DEERFIELD, Wis. (WMTV) - Old farmhouses are getting new love, and for one man, it’s an opportunity to preserve the past for future generations.
Woody Knox, a master carpenter, is restoring a two-story farmhouse in Deerfield, roughly 170 years old. Also a retired project manager, Knox wants to make it his final project.
“Having the the wind blow through here and thinking that it was like this 100 or 200 years ago is an interesting prospect,” he said. “I get great joy out of that.”
For almost a year, the 68-year-old has tackled cracked stones, uneven floors and a structure that’s far from square.
“As a day-to-day, get up, everyday kind of thing, this is what I like to do. I like to have some kind of project going on,” he said.
The details of the home are telling of its age.
Knox found square nails, for example, used by the builders. The hand-cut type of nail flourished after 1800 throughout the U.S., according to Anna Andrzejewski, a professor of American art and architecture at UW-Madison.
She said the family home takes on the “gabled L” form, also known as “upright and wing,” typical of settlers coming from the East Coast to the Midwest in the 19th century.
“We don’t have a lot surviving here in Wisconsin from that era, but it was typical at the time it was built,” she said.
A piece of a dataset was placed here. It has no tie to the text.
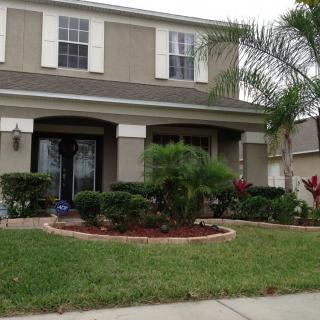 A suburban house with a well-maintained front yard featuring palm trees and shrubs.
“We see that as a common pattern in the middle of the 19th century separating the work or the dirty areas, where one would enter the house and one would do the cooking, from the more formal living areas of the house,” she explained. “This is a really great example of the form.”
While it is difficult to know much about the builders for vernacular buildings like the Deerfield home, Andrzejewski said a craftsperson was typically involved in construction. “For example, a joiner likely was involved in the construction of the frame of the house, and then the farmer or owner might finish the details himself,” she said.
Connecting past with present, Knox plans to install modern essentials like plumbing. But he also intends to keep and repurpose some features that reveal the home’s age.
“Even though there’s cuts here and there, and it’s not even, that’s part of the appeal of having a place like this,” Knox said, pointing to the floors.
“We can’t destroy our history entirely by taking down every building that we have here because it’s inconvenient or it takes long to do this kind of work,” he said.
Andrzejewski says the pandemic has spurred growing interest in these restoration projects.
“Some people are working from home. Some people have decided to get out of the city, so renovating farmhouses, especially [ones] that are within a metro radius of a city like Madison has become increasingly common I think,” she said.
For Knox, the hope is to revive a house as well as its history for generations to come.
“Having the walls still standing, having these floors still alive for another maybe 100 years, to me, would be a joy that would well live beyond what I am,” Knox said.